DXが失敗する大きな要因の1つは人材・組織!イノベーションを成功に導くためには?
VUCAの時代と呼ばれる昨今、多くの企業がDXや事業開発に取り組んでいます。ただ、その一方で、DXを進めていく上でさまざまな課題を抱えている状況も多く見られています。
その課題の1つが、人材や組織に関するもの。米国のマッキンゼー・アンド・カンパニー社が出しているレポートによると、DXが失敗する要因の上位に来るものの代表が、人材・組織となっています。(※1 )実際に、GNUSでもプロジェクトをご支援させていただいている中で、アイデアよりも組織や人材というところに課題があるのでは、と感じることがあります。
本記事では、DX推進における人材や組織の課題を掘り下げ、その課題の解決方法について考えていきたいと思います。海外の事例もふまえながら、DXを成功に導く上で必要なリソースやチームづくり、そしてそれを実現する方法について解説していきます。
リソースに関する2つの課題
DXを成功に導く上で重要な要因となる、人材や組織。多くの企業がその人材や組織に関する課題を感じていますが、その課題を整理すると大きく分けて2つ。社内のリソース不足と、そのリソースをどう補うかに分けられます。
1つ目の社内のリソース不足については、今まで長い間DX人材の採用をしてきた、というのでない限り、リソースが不足しているのは自然なことです。ここで重要なのは「足りないリソースとは具体的に何か?」ということ。そして、何人必要なのか。どんな人がどれぐらい必要なのかが明確にならないと、実際に自社で雇用または外部発注でも対応することができないため、チームづくりにおいて最大の課題となります。このため、この社内リソース不足の解像度を上げるということが、重要なポイントになります。
リソース不足の解像度が上がり、とのような人材が必要なのかが明確になった後は、2つ目のそのリソースをどう補うか、という課題が出てきます。具体的には、内製するのか、それとも外注するのか、ということになります。また、いつまでに欲しいのか、という点も重要になります。1年以内に100人規模の内製チームが欲しいのか、それとも3年間から5年間ぐらいで実現したいのか。そのレベルによっても、どのように実現するのかが変わっていきます。
DXを進める上で出てくる、リソース不足とそのリソースの補い方に関する課題。この2つの課題について解決する方法を解説していきます。

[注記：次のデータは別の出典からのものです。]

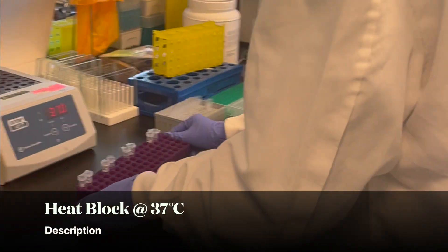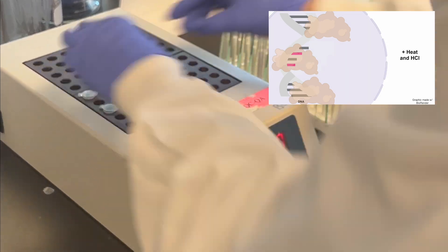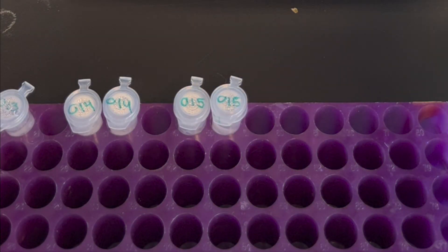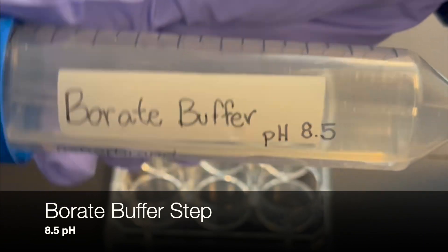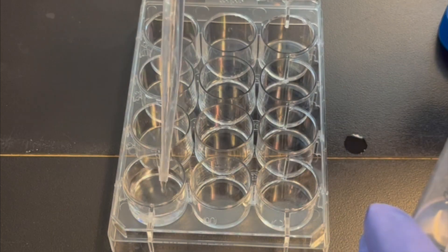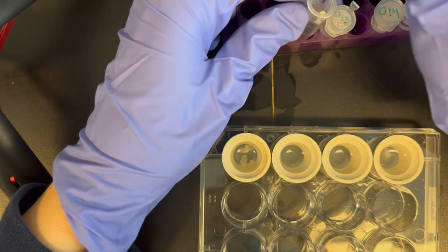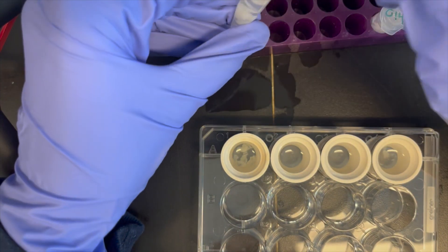This step is done to increase the permeability of the cells as well as to denature the DNA to make BRDU available for binding. Once complete, carefully transfer the tissue back to a well plate containing 1 molar of borate buffer at a pH of 8.5 to neutralize the acid from the previous step. Then place the well back on the belly dancer for 15 minutes.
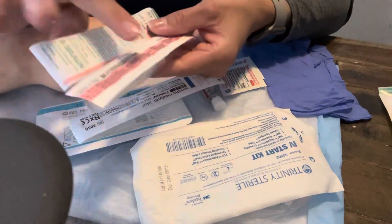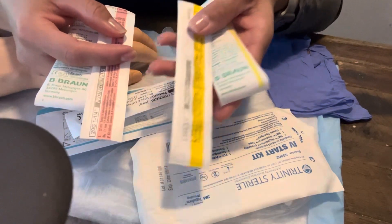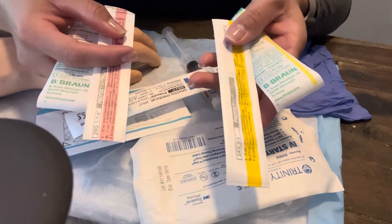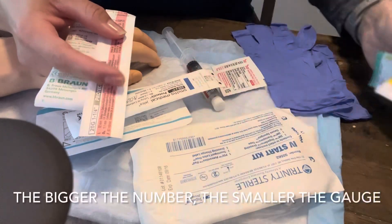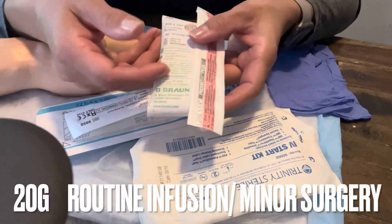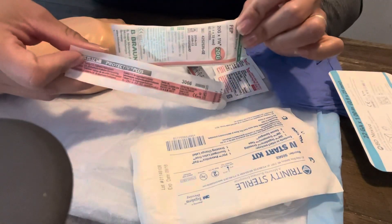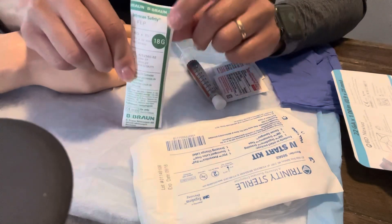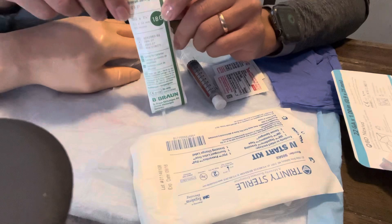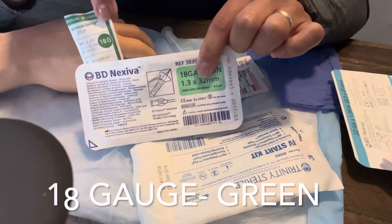Knowing that different colors represent different gauges: I would use a yellow (24 gauge) for a pediatric patient because it's smaller. With IVs, the bigger the number, the smaller the gauge. So 24 gauge for a pediatric patient, 22 gauge for a geriatric or med-surg patient, 20 gauge for adult patients. There's also 18 gauge — a bigger gauge, typically for trauma, infusing blood, surgeries. Color coordinating: greens are 18.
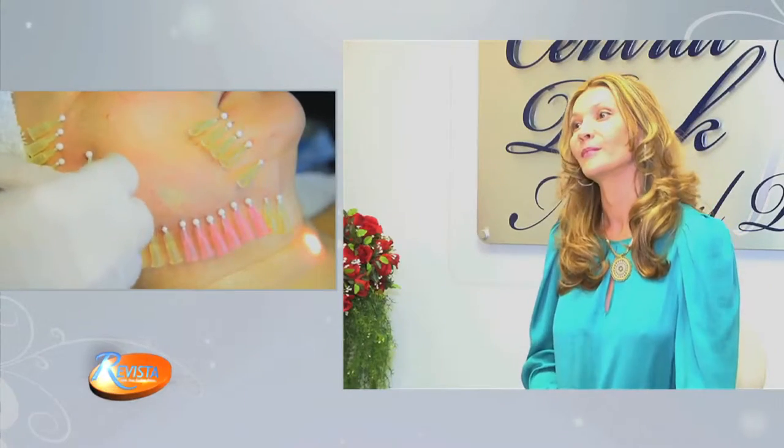It happens also with Botulinum toxin. Botulinum was used for migraine first. Right? And now it's just cosmetics. Still using it — exactly, right.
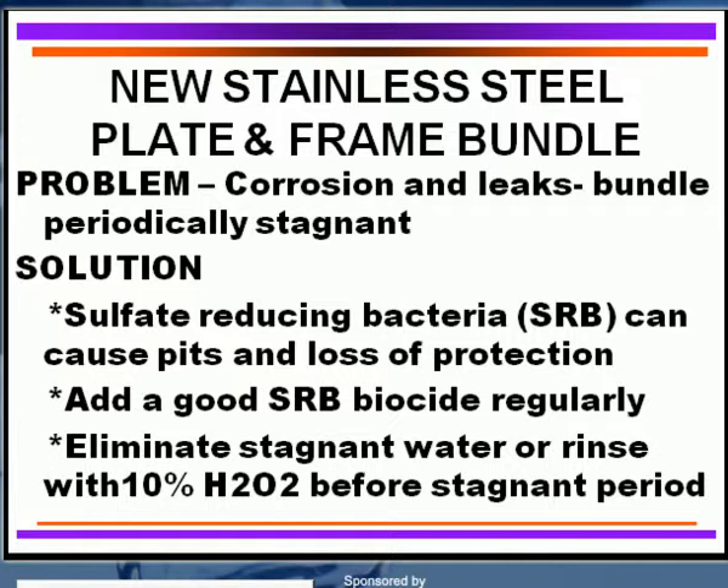You need to add a good biocide to control these bacteria. Some people will actually eliminate the stagnant water or rinse that particular plate and frame heat exchanger once you bring it down. I like to rinse it with at least a 10% solution of hydrogen peroxide because that will assure two things: one, it will assure killing the bacteria that you've got present if there's any there, and two, it will actually help form the oxide film that stainless steel maintains its protection.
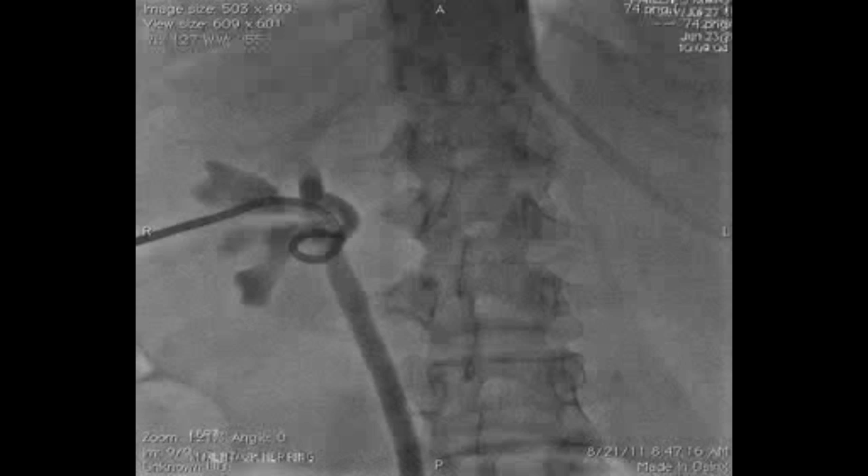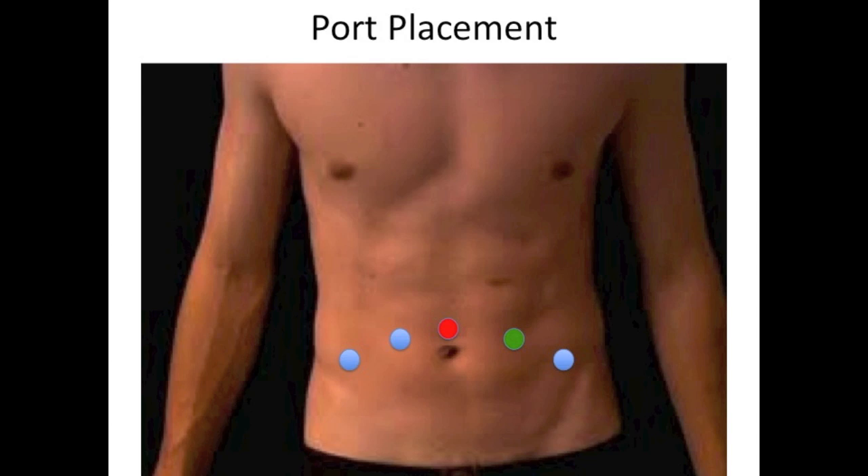Patient positioning can be in a low lithotomy position, with trocars placed in an umbrella-like fashion similar to robotic prostatectomy, including a 12-millimeter assistant port. Alternatively, patients can be placed in a modified flank position.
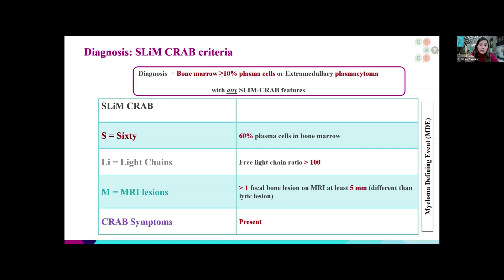The S in SLiM stands for 60% plasma cells in the bone marrow — if a bone marrow biopsy shows more than 60% plasma cells, that is considered diagnostic of multiple myeloma. The Li stands for a light chain ratio of more than 100, which is an extremely high level and is also diagnostic. The M stands for MRI findings: if we see more than one bone lesion measuring at least five millimeters on MRI, that is also a criterion for multiple myeloma. The SLiM-CRAB criteria is what we normally use to determine whether a patient has active myeloma.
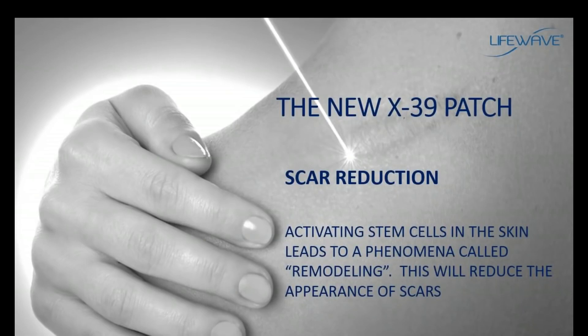Something else that's been very dramatic with the X39 is a reduction in the appearance of scars. One of the things stem cells can do is initiate a process in the skin called remodeling, which is partly driven by increased collagen production. This simply means there will be a reduction in the appearance of scars, and we have some wonderful testimonials about this.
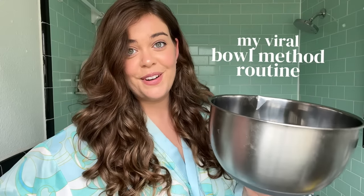My bowl method video went viral on TikTok, Instagram, and YouTube. You guys had a lot of questions, so I wanted to make a full-length routine showing exactly what I do from start to finish. My name is Sophie, and I post about wavy hair care.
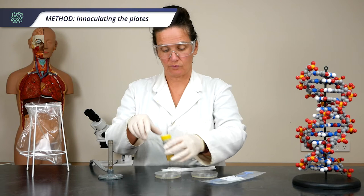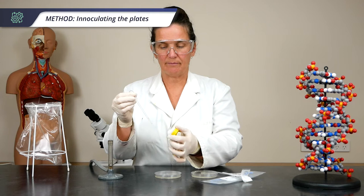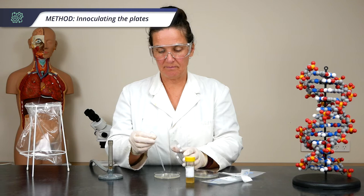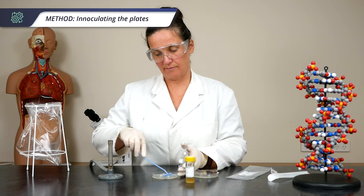Take your bacteria next to the flame, open it up and quickly pass it through the flame. Take your sterile pipette — you only need a few drops of this because it goes a long way. Pop it onto your plate and then use the spreader to spread it out to make a nice even lawn.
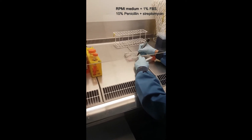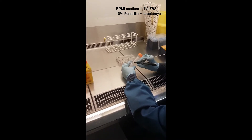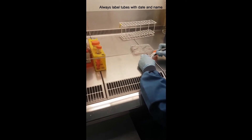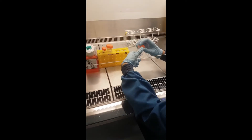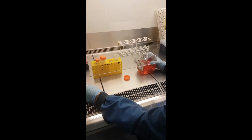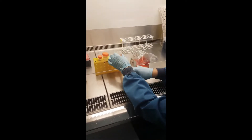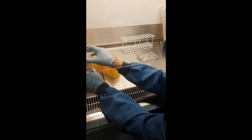The medium we use is for the E0771 cells. This step you don't need to do yourself because the medium should already be ready for you — just make sure when you start that there's enough, and if not, it can be refilled for you.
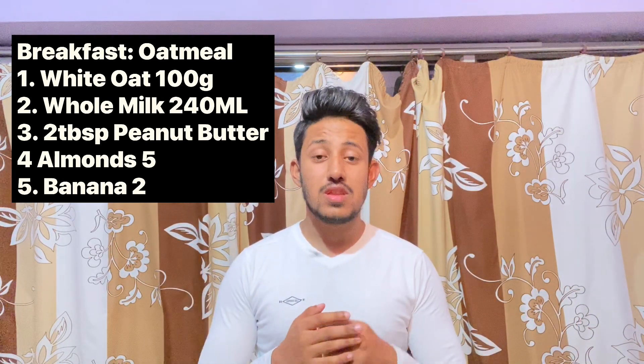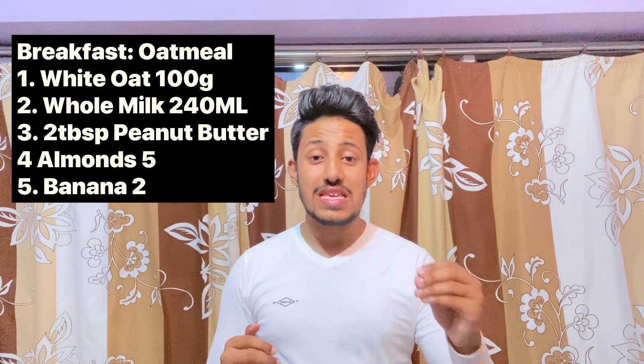Let's see what options are available if you are a pure vegetarian for muscle building. First, let's talk about breakfast. This dish is called oatmeal. Add 100 grams of oats — that's nearly 17 grams of protein — then 250 ml of whole milk, which is nearly 7.7 grams of protein, then 2 tablespoons of peanut butter at nearly 8 grams of protein, and 5 to 6 almonds. This complete oatmeal will give you nearly 33 grams of protein.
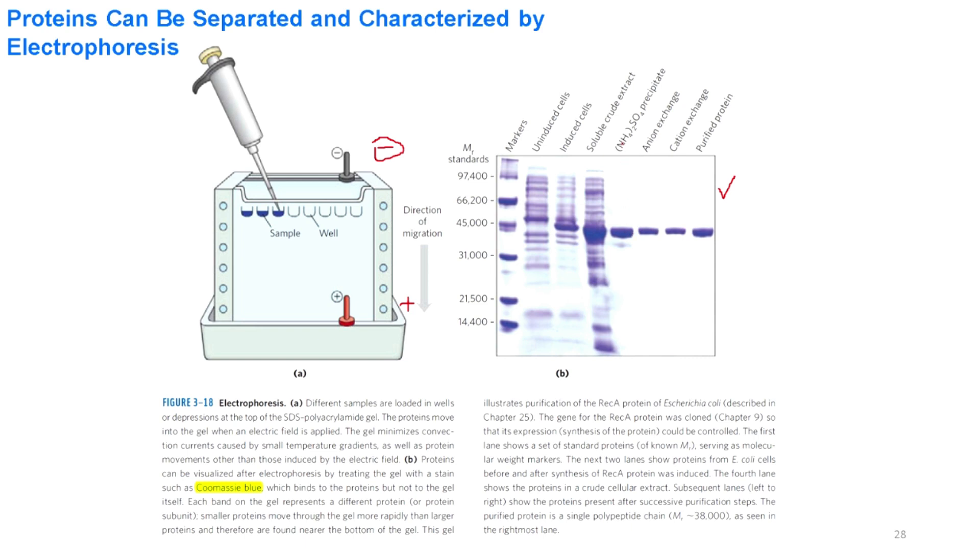These are the bands corresponding to the RecA protein of E. coli. You can see that ammonium sulfate purification gives a specific band, while the crude extract shows many bands along with the RecA protein band. Anion exchange and cation exchange show increasing purity. The purified protein loaded in the last lane shows a single clean band, and the first lane shows the marker with bands of specific molecular weight.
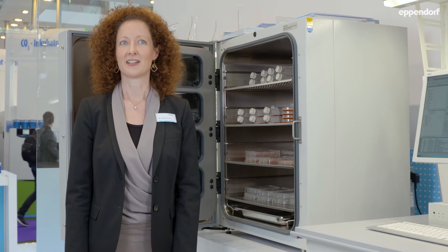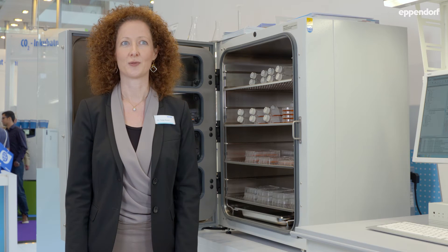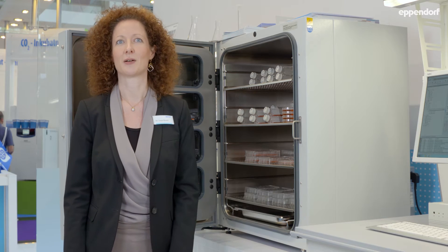We talked about homogeneous cell seeding and cell growth, and now within the third part of our lab tour I'd like to discuss the most important question in the cell culture lab with you: how to protect my cells against contamination. First, we should have a look at the potential sources of contamination. What do you think are sources for contamination?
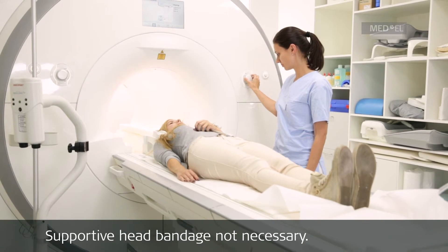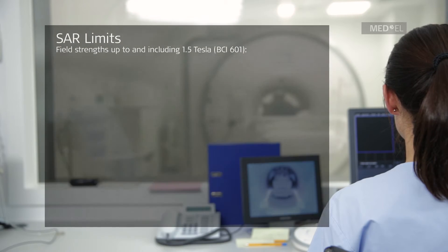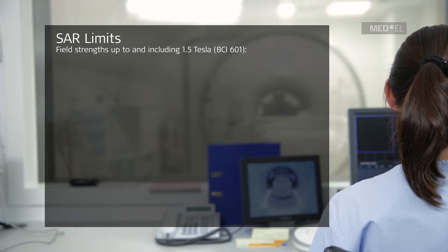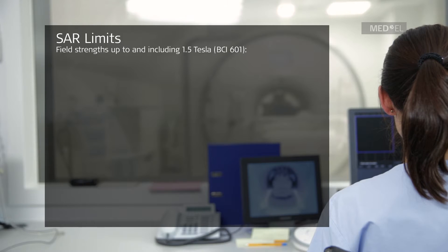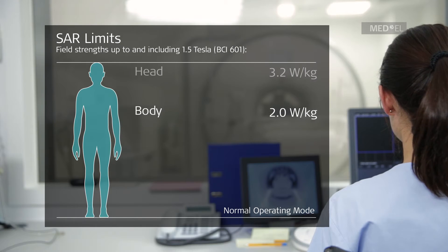A supportive head bandage is not necessary. Patients with the BoneBridge BCI-601 Bone Conduction Implant System can be scanned at field strength up to and including 1.5 Tesla. Run sequences in normal operating mode only — that means the head SAR is limited to 3.2 Watt per kilogram and the whole body average SAR is limited to 2 Watt per kilogram.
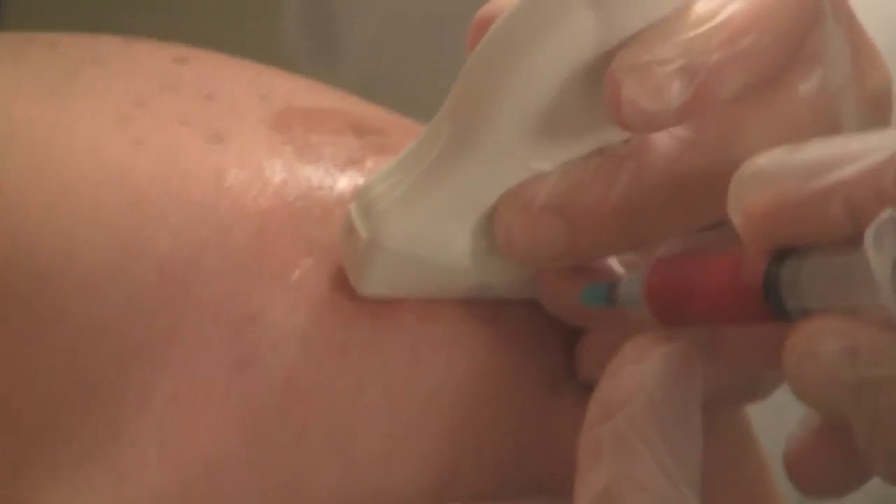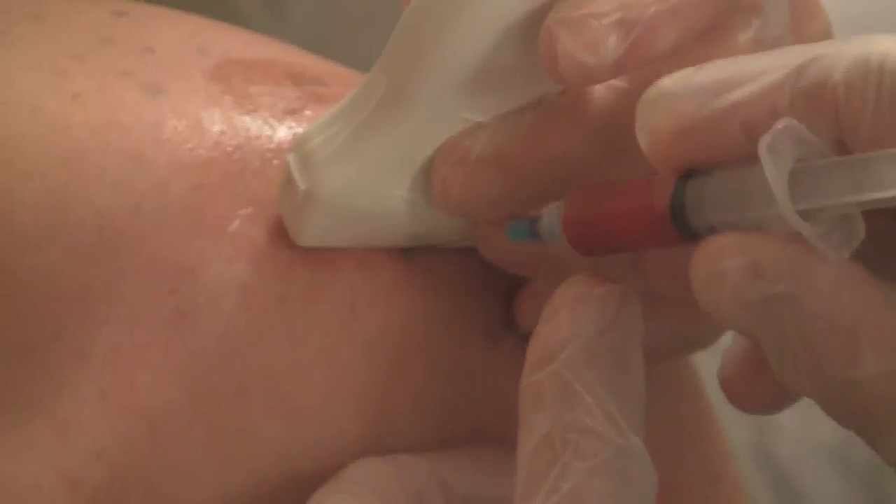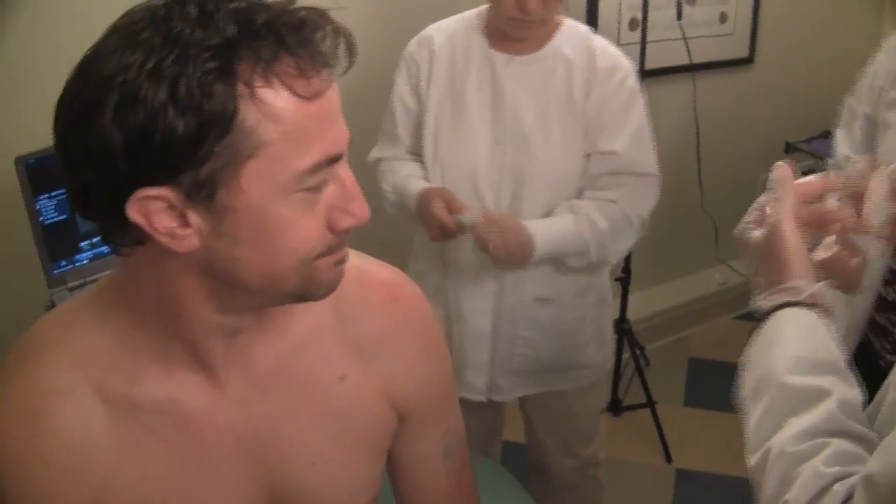My name is Mark Darrow. I'm a medical doctor. What you are about to see are procedures of PRP, platelet-rich plasma. The platelets contain growth factors and will stimulate the immune system to bring cells to the area that will actually grow back new tissue, stabilize the area, and eliminate pain.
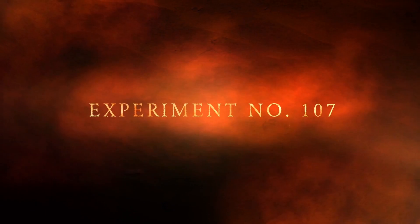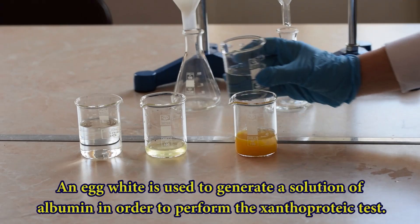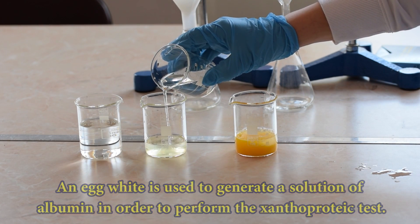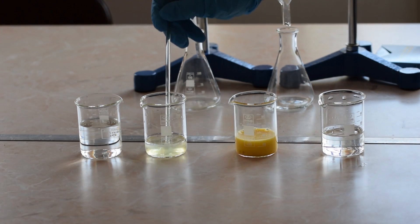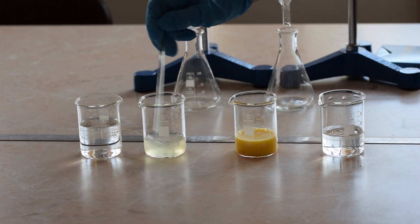Experiment number 107: The Xanthoproteic test. The Xanthoproteic test is another way of identifying proteins in a solution. To perform this analysis you will need a solution of a soluble protein, for instance a solution of egg albumin.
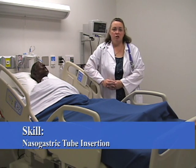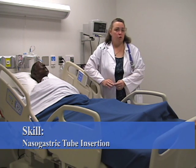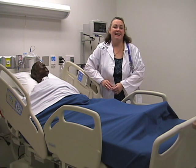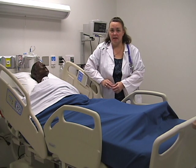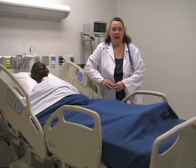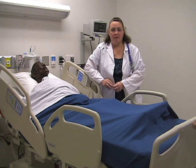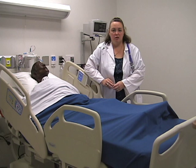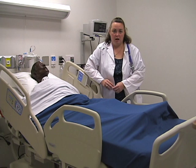My name is Diana Garza and I'm going to be demonstrating NG tube insertions. NG tubes are usually inserted for a couple of different reasons: one is for nutritional purposes, for the patient that cannot tolerate PO intake or is not taking in enough PO intake. We also use it for irrigation, for evacuation of stomach contents, and for relief of nausea and vomiting in patients who are having intractable nausea and vomiting issues post-operatively.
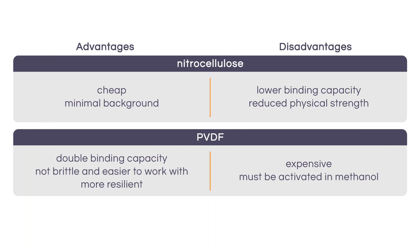Since its introduction in the 1980s, PVDF has become more common among molecular biologists due to several benefits. Although it is more expensive, PVDF has roughly double the protein binding capacity as compared to nitrocellulose, so it can be helpful when detecting low abundance proteins.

リソース不足の解像度を上げる ーー 自らフィールドに入る
まず初めにリソース不足に対する解決方法です。この課題の要点は、必要なリソースの定義ができていないことです。中には、とりあえずこんな人材かな、と言ったときに世界中でも探すのが難しいくらいのスーパ一人材を挙げてしまうことがあります。このように、具体的に採用できる範囲での、明確な人材リソースの定義ができていないことがよく見られます。
こういったことは、社内に候補がいなかったりして、全くイメージがつかないので当然起こることだと思います。また、通常外部ベンダーに丸投げしてしまっているケースが多いので、プロジェクトの中で何をしているのか見ていない、ということも原因に挙げられます。社内にも人材がおらず、外部に丸投げで発注しているためにブラックボックスに包まれているところが、このリソースの解像度が上がらない原因になっています。
では、どのようにすれば必要な人材を定義できるのかというと、実際にフィールドに入って体験してみることが重要になります。スポーツに例えると、自分がサッカーをやったことがないと、どのような選手がいい選手なのか理解できないですし、ましてや、自分と一緒にプレーしやすい選手は誰なのかが理解できません。同じように、実際にフィールド(=プロジェクト)に入ってみて、それぞれメンバーがどのような動きをしているか、どのように役立っているかを見ることが、人材の見極めにおいて必要となります。
3つのディレクション人材
自らフィールドに入ることが、足りない人材の見極めにおいて重要だと説明しました。ここでは、今までプロジェクトを支援してきた経験から、その'’足りない人材”ついて、少しヒントを共有したいと思います。
テック関連の人材について、多くの場合、’'ディレクション人材”が足りないのではと考えています。ディレクション人材は次の3つのタイプがあります。プロジェクトの進行とそのために必要なチームマネジメントを担う「プロジェクトマネージャー」、プロダクトの顧客満足に責任を持つ「プロダクトマネージャー」、実現したいサービスやプロダクトにおける技術的な側面を担う「テクニカルディレクター」の3タイプです。スタートアップに例えると、「プロジェクトマネージャー」はCOO的な役割を担い、そして、「プロダクトマネージャー」はCEO、「テクニカルディレクター」はCTO、という形になります。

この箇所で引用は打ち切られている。